Sounds easy. But there’s a challenge: Most randomly contacted voters don’t respond when called. The New York Times “Upshot” recently let us view its polling in real time. This enabled us to see, for example, that it took 14,636 calls to Iowa’s fourth congressional district to produce 423 responses, among which Steve King led J. D. Scholten by 5 percent—slightly more than the 3.4 percent by which King won.
Pollsters know the likely demographic make-up of the electorate, and so can weight results from respondents of differing age, race, and gender to approximate the population. And that, despite the low response rate, allows them to do remarkably well—especially when we bear in mind that their final polls are taken ahead of the election (and cannot account for last-minute events, which may sway undecided voters).
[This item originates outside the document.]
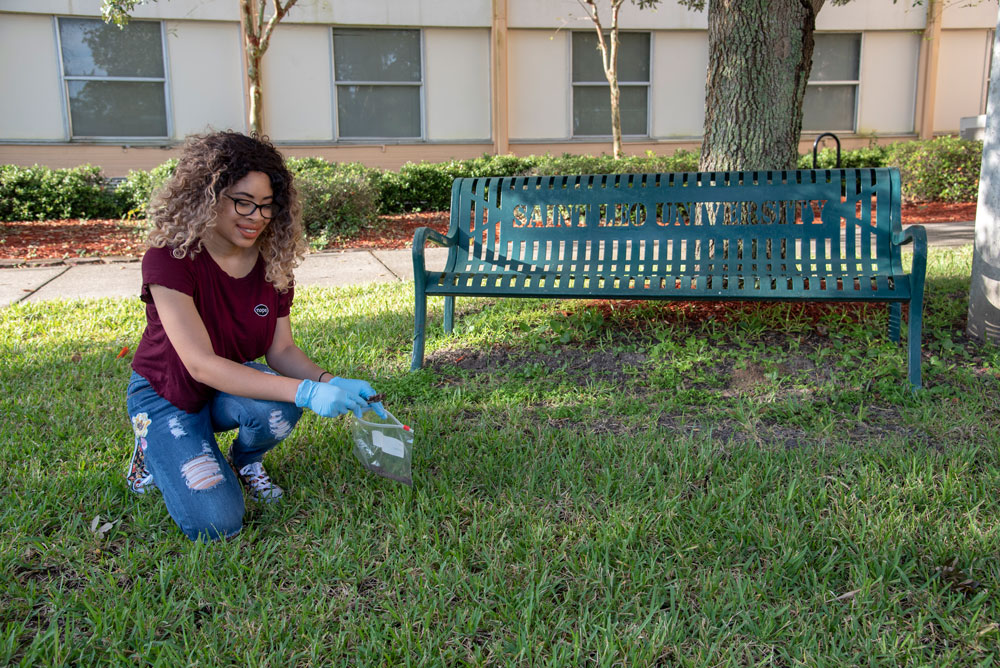 Lisa Ogueke collected soil samples on campus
In 2016, the final polling average favored Hillary Clinton by 3.9 percent, with a 3 percent margin of error. On Election Day, she won the popular vote by 2.1 percent (and 2.9 million votes)—well within that margin of error.
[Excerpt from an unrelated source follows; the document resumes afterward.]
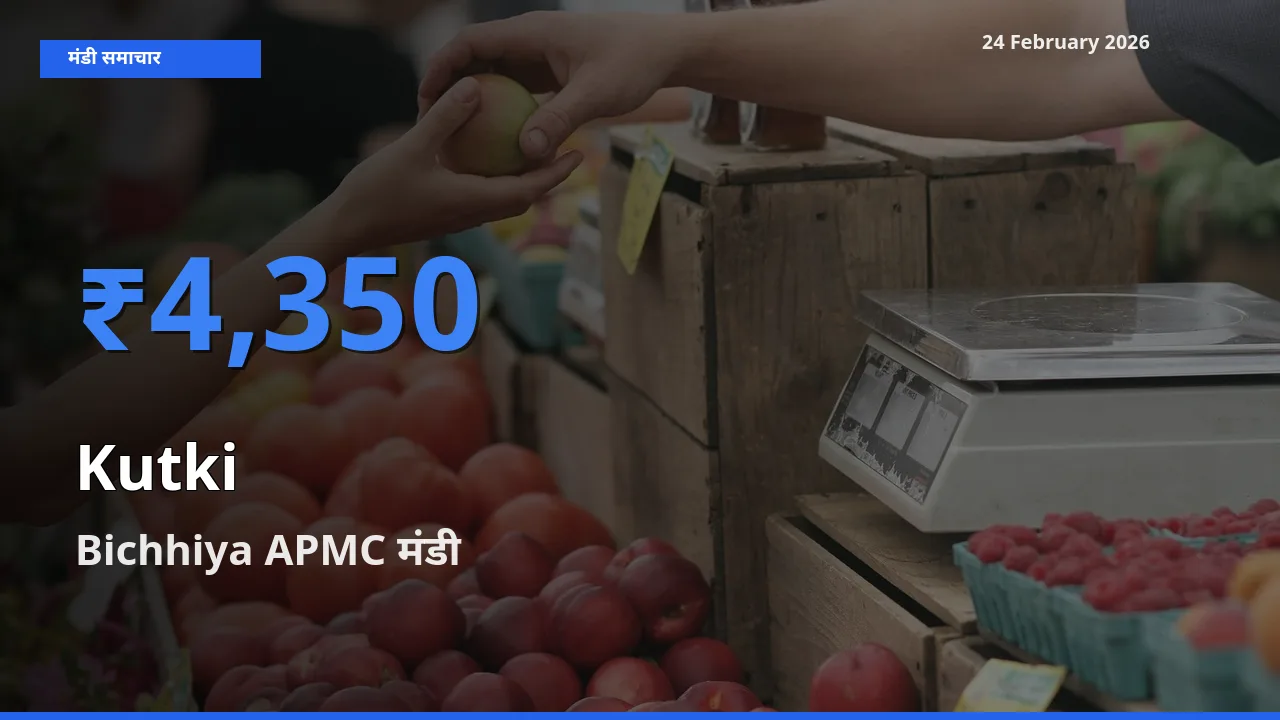 Bichhiya APMC में Kutki का आज सबसे ऊँचा भाव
To forecast a race, fivethirtyeight.com’s prediction model does more. It “takes lots of polls, performs various types of adjustments to them [based on sample size, recency, and pollster credibility], and then blends them with other kinds of empirically useful indicators” such as past results, expert assessments, and fundraising. Here is their 2016 final estimation:
Ha! This prediction, like other 2016 prediction models, failed.
Or did it? Consider a parallel. Imagine that as a basketball free-throw shooter steps to the line, I tell you that the shooter has a 71 percent free-throw average. If the shooter misses, would you disbelieve the projection? No, because, if what I’ve told you is an accurate projection, you should expect to see a miss 29 percent of the time. If the player virtually never missed, then you’d rightly doubt my data.
Likewise, if, when Nate Silver’s fivethirtyeight.com gives a candidate a 7 in 10 chance of winning and that candidate always wins, then the model is, indeed, badly flawed. Yes?
In the 2018 U.S. Congressional races, fivethirtyeight.com correctly predicted 96 percent of the outcomes. On the surface, that may look like a better result, but it’s mainly because most races were in solid Blue or Red districts and not seriously contested.
Ergo, don’t be too quick to demean the quality polls and the prediction models they inform. Survey science still works.